Between the 1940s and 1960s, women were prescribed DES to prevent miscarriage. Although it increased their risk of breast cancer to some degree, the most tragic aspects of DES exposure became apparent when their daughters, exposed in utero, saw dramatic increases in rare reproductive cancers much later in life. Because of the long lag associated with these health effects, epigenetic research is only just beginning on DES granddaughters. One study, however, has already suggested DES granddaughters are at higher risk for ovarian cancers.
DES daughters and granddaughters have to cope with chilling multi-generational memories of toxic exposure, memories that tragically manifest in their bodies. These memories, along with other endocrine disruptors showing transgenerational effects (like this fungicide), also demand significant rethinking not only of our understanding of environmental pollution, but also our individual health histories.
But epigenetics isn’t content to blow our minds just when it comes to poisons. A new, especially controversial paper found evidence that actual, literal memories might be passed on epigenetically as well. That is, researchers found that offspring could inherit psychological phenomena through biological material. Let me emphasize that distinction. Research has consistently shown that trauma gets passed down through generations. The children of Holocaust survivors, for example, have been famously affected by their parents’ suffering. The mechanism here, though, is social, not biological.
Neurobiologists Brian Dias and Kerry Ressler have suggested something entirely groundbreaking by revealing evidence of a biologically inherited fear response. Here’s Virginia Hughes writing for National Geographic’s Phenomena blog:
Now a fascinating new study reveals that it’s not just nurture.
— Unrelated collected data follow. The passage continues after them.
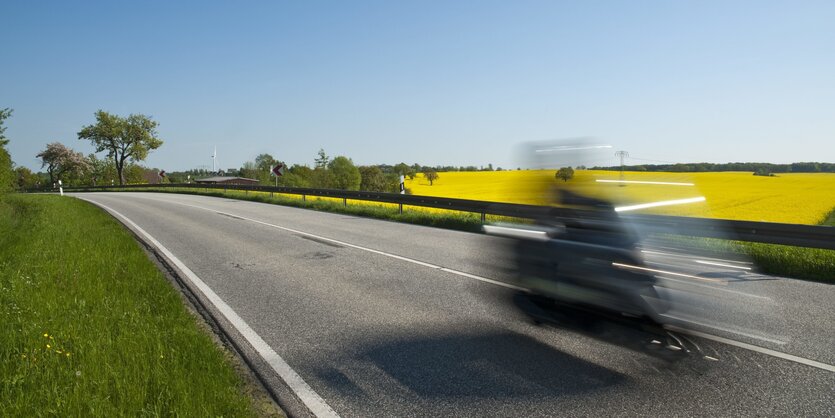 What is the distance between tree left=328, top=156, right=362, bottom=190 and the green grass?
86789mm

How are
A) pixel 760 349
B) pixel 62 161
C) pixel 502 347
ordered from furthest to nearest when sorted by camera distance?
pixel 62 161 → pixel 502 347 → pixel 760 349

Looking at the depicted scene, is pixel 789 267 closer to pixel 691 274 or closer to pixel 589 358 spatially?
pixel 691 274

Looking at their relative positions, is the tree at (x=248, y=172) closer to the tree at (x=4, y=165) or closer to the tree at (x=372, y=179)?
the tree at (x=372, y=179)

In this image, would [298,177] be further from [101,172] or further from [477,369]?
[477,369]

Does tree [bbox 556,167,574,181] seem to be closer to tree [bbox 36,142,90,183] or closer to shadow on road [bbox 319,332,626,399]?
shadow on road [bbox 319,332,626,399]

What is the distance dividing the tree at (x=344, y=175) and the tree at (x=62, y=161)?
1764 inches

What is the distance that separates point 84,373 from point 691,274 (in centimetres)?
473

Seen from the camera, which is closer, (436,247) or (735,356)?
(735,356)

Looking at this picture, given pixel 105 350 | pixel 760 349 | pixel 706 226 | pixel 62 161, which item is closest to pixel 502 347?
pixel 760 349

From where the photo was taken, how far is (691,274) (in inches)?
142

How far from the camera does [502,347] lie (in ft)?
13.4

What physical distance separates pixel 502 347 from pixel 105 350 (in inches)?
134

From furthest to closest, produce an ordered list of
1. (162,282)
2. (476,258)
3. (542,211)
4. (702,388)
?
(476,258)
(162,282)
(542,211)
(702,388)

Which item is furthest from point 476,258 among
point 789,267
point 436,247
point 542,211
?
point 789,267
Traumatic experiences can actually work themselves into the germ line. When a male mouse becomes afraid of a specific smell, this fear is somehow transmitted into his sperm, the study found. His pups will also be afraid of the odor, and will pass that fear down to their pups.
The paper is yet to be published and has only been presented at scholarly conferences so far (here’s the abstract). And it’s understandably caused quite a stir. After her initial blog post, Hughes actually posted a fascinating round-up of the ensuing scientific debate on Twitter. But, if borne out by peer review and further study, the research will radically advance the field of epigenetics.
As far as this blog is concerned, it would also have a huge impact on how we understand memory and its relationship to the world at large. After all, it would suggest that environment influences organisms in ways that we’ve rejected for quite a while. The notion that the psychological and emotional dimensions of environmental experience could be biologically passed down through generations is pretty wild. Right now it smacks of pseudoscience, or at least science fiction. But just imagine: what if our bodies were permeable to those kinds of interactions with the environment? What if our emotional encounters with nature and landscape were somehow, deep in our cell nuclei, remembered by our children, and their children’s children, and so on?
In fact. I want to read that story. Anybody have suggestions?
Update: Virgina Hughes has more coverage of the Dias and Ressler paper, which has since been published at Nature Neuroscience.